The Sleeper

I.

THE glen was fair as some Arcadian dell,
All shadow, coolness, and the rush of streams,
Save where the dazzling fire of noonday fell
Like stars within its under-sky of dreams.
Rich leaf and blossomed grape and fern-tuft made
Odors of Life and Slumber through the shade.

II.

“ O peaceful heart of Nature! ” was my sigh,
“ How dost thou shame, in thine unconscious bliss,
Thy calm accordance with the changing sky,
O quiet heart, the restless life of this !
Take thou the place false friends have vacant left,
And bring thy bounty to repair the theft!"

III.

So sighing, weary with the unsoothed pain
From insect-stings of women and Of men,
Uneasy heart and ever-baffled brain,
I breathed the silent beauty of the glen,
And from the fragrant shadows where she stood
Evoked the shyest Dryad of the wood.

IV.

Lo ! on a slanting rock, outstretched at length,
A woodman lay in slumber, fair as death, —
His limbs relaxed in all their supple strength,
His lips half-parted with his easy breath.
And by one gleam of hovering light caressed
His bare brown arm and white uncovered breast.

V.

“Why comes he here?” I whispered, treading soft
The hushing moss beside his flinty bed:
“Sweet are the haycocks in yon clover-croft,—
The meadow turf were light beneath his head :
Could he not slumber by the orchard-tree,
And leave this quiet unprofaned for me ? ”

VI.

But something held my step.
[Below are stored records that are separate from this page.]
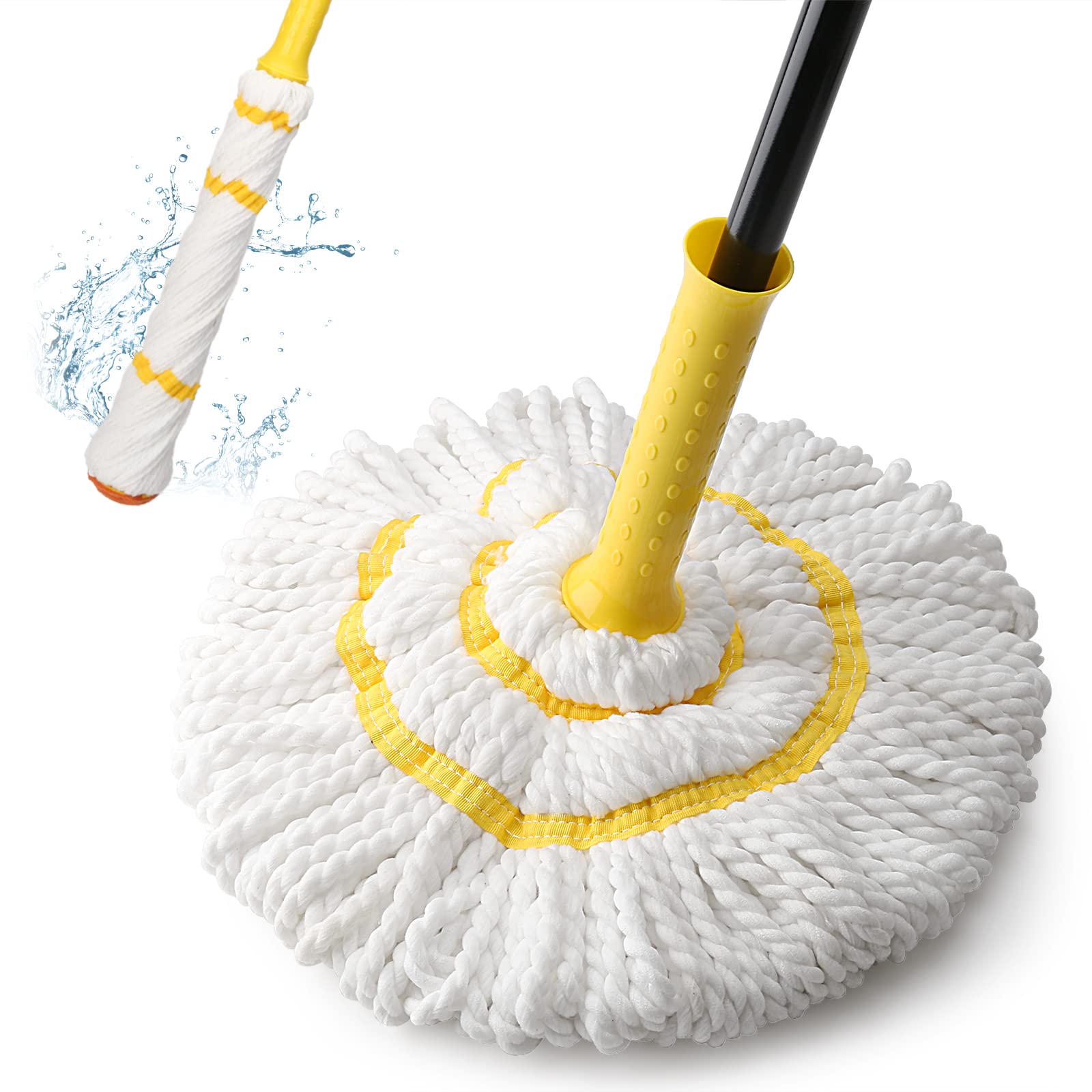 KeFanta Self-Wringing Twist Mop for Floor Cleaning, Long Handled Microfiber Floor Mop with Top Scouring Pad for Kitchen, Hardwood, Restaurant, Bathroom, Garages, Warehouses, Office,57-inch - Medaid International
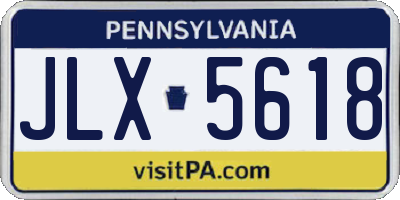 PA license plate JLX5618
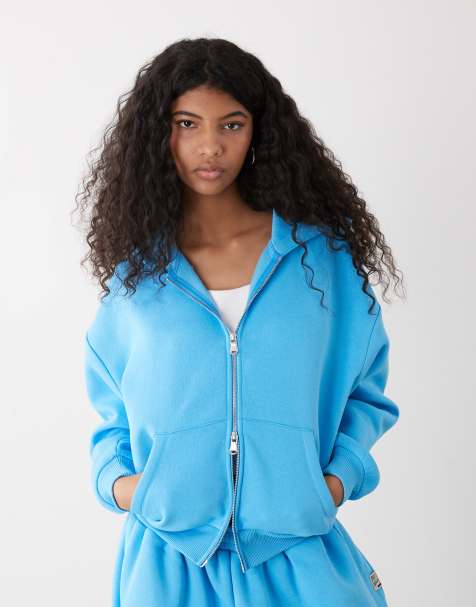 COLLUSION boxy zip through co-ord hoodie in blue - view 1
I bent, and scanned
(As one might view a veiny agate-stone)
The hard, half-open fingers of his hand,
Strong cords of wrist, knit round the jointed bone,
And sunburnt muscles, firm and full of power,
But harmless now as petals of a flower.

VII.

The rock itself was not more still: yet one
Light spray of grass shook ever at his wrist,
Counting the muffled pulses. Where the sun
The open fairness of his bosom kissed,
I marked the curious beauty of the skin,
And dim blue branches of the blood within.

VIII.

There lay the unconscious Life, but, ah! more fair
Than ever blindly stirred in leaf and bark,—
Warmth, beauty, passion, mystery everywhere,
Beyond the Dryad’s feebly burning spark
Of cold poetic being: who could say
If here the angel or the wild beast lay?

IX.

Then I looked up and read his helpless face :
Peace touched the temples and the eyelids, slept
On drooping lashes, made itself a place
In smiles that gently to the corners crept
Of parting lips, and came and went, to show
The happy freedom of the heart below.

X.

A holy rest! wherein the man became
Man’s interceding representative :
In Sleep’s white realm fell off his mask of blame,
And he was sacred, for that he did live.
His presence marred no more the quiet deep,
But all the glen became a shrine of sleep !

XI.

And then I mused: — How lovely this repose !
How the shut sense its dwelling consecrates !
Sleep guards itself against the hands of foes :
Its breath disarms the Envies and the Hates
Which haunt our lives : were this mine enemy,
My stealthy watch could not less reverent be !

XII.

Here lie our human passions, sung to rest
By tender Nature, anxious to restore
Some hours of innocence to every breast,
To part the husks around the untainted core
Of life, and show, in equal helplessness,
The hearts that wound us and the hearts that bless !

XIII.

How swiftly in this frame the primal seeds
Of purity and peace revive anew!
One wave of sleep the stain of evil deeds
Effaces, as with Heaven's baptismal dew.
The pure white flame through all its ashes burns:
The effluent being to its source returns.

XIV.

So hang their hands that would have done me wrong;
So sweet their breathing whose unkindly spite
Provoked the bitter measures of my song ;
So they might slumber, sacred in my sight,
As I in theirs: — why waste contentious breath?
Forget, like Sleep, and then forgive, like Death!

XV.

I bowed my head : the sleeper gently smiled, —
How far he lay from every sting and smart!
Some sinless dream his wandering thought beguiled,
And left its sweetness in his open heart.
The God that watched him in the lonely glen
Sent me, consoled and patient, back to men.